[Exercise inputs]:
┄┄┄┄┄┄┄┄┄┄
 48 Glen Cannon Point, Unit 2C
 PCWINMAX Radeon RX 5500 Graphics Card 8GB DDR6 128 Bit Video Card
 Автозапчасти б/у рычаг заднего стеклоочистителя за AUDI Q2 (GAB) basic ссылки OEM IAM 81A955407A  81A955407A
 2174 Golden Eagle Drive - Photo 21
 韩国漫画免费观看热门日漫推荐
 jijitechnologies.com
┄┄┄┄┄┄┄┄┄┄
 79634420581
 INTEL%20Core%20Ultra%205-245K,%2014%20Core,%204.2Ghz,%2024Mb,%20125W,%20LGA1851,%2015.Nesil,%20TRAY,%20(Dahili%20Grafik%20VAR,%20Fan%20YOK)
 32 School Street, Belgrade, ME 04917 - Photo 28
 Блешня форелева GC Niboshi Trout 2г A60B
┄┄┄┄┄┄┄┄┄┄
Give again exactly, and only, the lines above starting at the one with "2174 Golden Eagle Drive - Photo 21" and ending at the one with "jijitechnologies.com".

 2174 Golden Eagle Drive - Photo 21
 韩国漫画免费观看热门日漫推荐
 jijitechnologies.com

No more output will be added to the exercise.